Conforme publicada no portal de notícias oficial do Vaticano, reproduzimos a resposta do Papa Francisco ao "dubium" dos cardeais "sobre a afirmação de que a prática difusa de abençoar uniões do mesmo sexo está de acordo com a Revelação e o Magistério (CCC 2357)":

a) A Igreja tem uma concepção muito clara do matrimônio: uma união exclusiva, estável e indissolúvel entre um homem e uma mulher, naturalmente aberta a gerar filhos. Somente essa união pode ser chamada de "matrimônio". Outras formas de união o realizam apenas "de maneira parcial e analógica" (Amoris laetitia 292), portanto não podem ser chamadas estritamente de "matrimônio".

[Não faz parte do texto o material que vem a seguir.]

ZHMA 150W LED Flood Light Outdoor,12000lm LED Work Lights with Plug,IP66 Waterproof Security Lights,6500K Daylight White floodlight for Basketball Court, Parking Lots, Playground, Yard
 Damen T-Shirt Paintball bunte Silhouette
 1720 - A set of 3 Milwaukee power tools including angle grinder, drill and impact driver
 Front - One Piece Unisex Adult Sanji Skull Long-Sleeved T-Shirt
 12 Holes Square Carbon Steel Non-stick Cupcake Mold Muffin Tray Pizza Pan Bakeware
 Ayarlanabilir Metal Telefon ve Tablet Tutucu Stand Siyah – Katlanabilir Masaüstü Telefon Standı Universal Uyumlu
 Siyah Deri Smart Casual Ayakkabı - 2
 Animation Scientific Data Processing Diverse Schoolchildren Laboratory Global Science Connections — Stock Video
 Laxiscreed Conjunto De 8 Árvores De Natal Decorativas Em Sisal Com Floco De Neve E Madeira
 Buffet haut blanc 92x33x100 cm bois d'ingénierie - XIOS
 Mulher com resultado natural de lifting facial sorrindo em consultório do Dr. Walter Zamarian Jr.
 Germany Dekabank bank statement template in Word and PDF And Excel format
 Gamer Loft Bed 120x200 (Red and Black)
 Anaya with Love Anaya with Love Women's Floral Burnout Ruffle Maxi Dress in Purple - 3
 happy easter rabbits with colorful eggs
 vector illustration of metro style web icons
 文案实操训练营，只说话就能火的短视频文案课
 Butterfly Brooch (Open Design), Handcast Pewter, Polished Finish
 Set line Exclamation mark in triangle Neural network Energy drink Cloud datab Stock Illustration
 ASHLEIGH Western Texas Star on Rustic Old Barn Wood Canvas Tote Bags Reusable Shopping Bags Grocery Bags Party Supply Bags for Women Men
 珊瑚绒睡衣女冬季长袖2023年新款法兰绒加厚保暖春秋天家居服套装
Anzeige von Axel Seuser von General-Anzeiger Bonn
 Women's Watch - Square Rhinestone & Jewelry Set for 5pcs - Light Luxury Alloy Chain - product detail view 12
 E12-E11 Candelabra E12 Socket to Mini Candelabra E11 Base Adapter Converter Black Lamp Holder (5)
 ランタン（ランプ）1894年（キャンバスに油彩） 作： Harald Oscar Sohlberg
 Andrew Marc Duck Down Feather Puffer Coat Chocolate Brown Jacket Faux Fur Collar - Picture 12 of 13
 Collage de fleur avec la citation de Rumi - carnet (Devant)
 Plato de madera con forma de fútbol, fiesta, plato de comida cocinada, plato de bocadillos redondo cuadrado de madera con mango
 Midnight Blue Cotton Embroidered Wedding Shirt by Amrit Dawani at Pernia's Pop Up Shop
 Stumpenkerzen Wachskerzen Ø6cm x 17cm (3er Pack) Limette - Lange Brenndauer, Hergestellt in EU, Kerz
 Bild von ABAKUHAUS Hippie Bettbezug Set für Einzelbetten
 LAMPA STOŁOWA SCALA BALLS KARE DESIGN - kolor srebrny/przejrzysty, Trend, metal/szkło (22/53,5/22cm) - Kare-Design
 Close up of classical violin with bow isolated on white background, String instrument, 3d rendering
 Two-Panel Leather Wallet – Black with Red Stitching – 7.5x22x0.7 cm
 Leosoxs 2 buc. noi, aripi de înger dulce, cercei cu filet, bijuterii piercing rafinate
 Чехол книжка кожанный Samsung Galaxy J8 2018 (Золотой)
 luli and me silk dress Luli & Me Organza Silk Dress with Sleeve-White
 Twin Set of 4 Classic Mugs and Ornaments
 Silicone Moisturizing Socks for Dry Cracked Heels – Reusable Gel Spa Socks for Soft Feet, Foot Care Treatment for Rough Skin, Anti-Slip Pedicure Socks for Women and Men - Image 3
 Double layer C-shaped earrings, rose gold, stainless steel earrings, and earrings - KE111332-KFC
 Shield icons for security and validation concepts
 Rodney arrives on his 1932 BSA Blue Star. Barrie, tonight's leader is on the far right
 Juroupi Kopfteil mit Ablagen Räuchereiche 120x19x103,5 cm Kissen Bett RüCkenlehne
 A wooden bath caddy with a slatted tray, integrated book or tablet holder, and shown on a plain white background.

b) Não se trata apenas de uma questão de nomes, mas a realidade que chamamos de matrimônio tem uma constituição essencial única que requer um nome exclusivo, não aplicável a outras realidades. É, sem dúvida, muito mais do que um mero "ideal".

c) Por essa razão, a Igreja evita qualquer tipo de rito ou sacramental que possa contradizer essa convicção e levar a entender que se reconheça como matrimônio algo que não o é.

d) Todavia, em nosso relacionamento com as pessoas, não devemos perder a caridade pastoral, que deve permear todas as nossas decisões e atitudes. A defesa da verdade objetiva não é a única expressão dessa caridade, que também é composta de gentileza, paciência, compreensão, ternura e encorajamento. Portanto, não podemos ser juízes que apenas negam, rejeitam, excluem.

e) Portanto, a prudência pastoral deve discernir adequadamente se existem formas de bênção, solicitadas por uma ou mais pessoas, que não transmitam um conceito errôneo de matrimônio. Pois, quando se pede uma bênção, está se expressando um pedido de ajuda a Deus, uma súplica para poder viver melhor, uma confiança em um Pai que pode nos ajudar a viver melhor.

f) Por outro lado, embora existam situações que, de um ponto de vista objetivo, não são moralmente aceitáveis, a mesma caridade pastoral exige que não tratemos simplesmente como "pecadores" outras pessoas cuja culpa ou responsabilidade pode ser atenuada por vários fatores que influenciam a imputabilidade subjetiva (cf. São João Paulo II, Reconciliatio et Paenitentia, 17).

g) As decisões que podem fazer parte da prudência pastoral em determinadas circunstâncias não precisam necessariamente se tornar uma norma. Ou seja, não é conveniente que uma Diocese, uma Conferência Episcopal ou qualquer outra estrutura eclesial habilite constante e oficialmente procedimentos ou ritos para todo tipo de questão, pois tudo "que faz parte de um discernimento prático diante de uma situação particular não pode ser elevado ao nível de norma", porque isso "daria lugar a uma casuística insuportável" (Amoris laetitia 304). O Direito Canônico não deve e não pode abranger tudo, nem as Conferências Episcopais, com seus vários documentos e protocolos, devem pretender isso, uma vez que a vida da Igreja flui por muitos canais além dos normativos.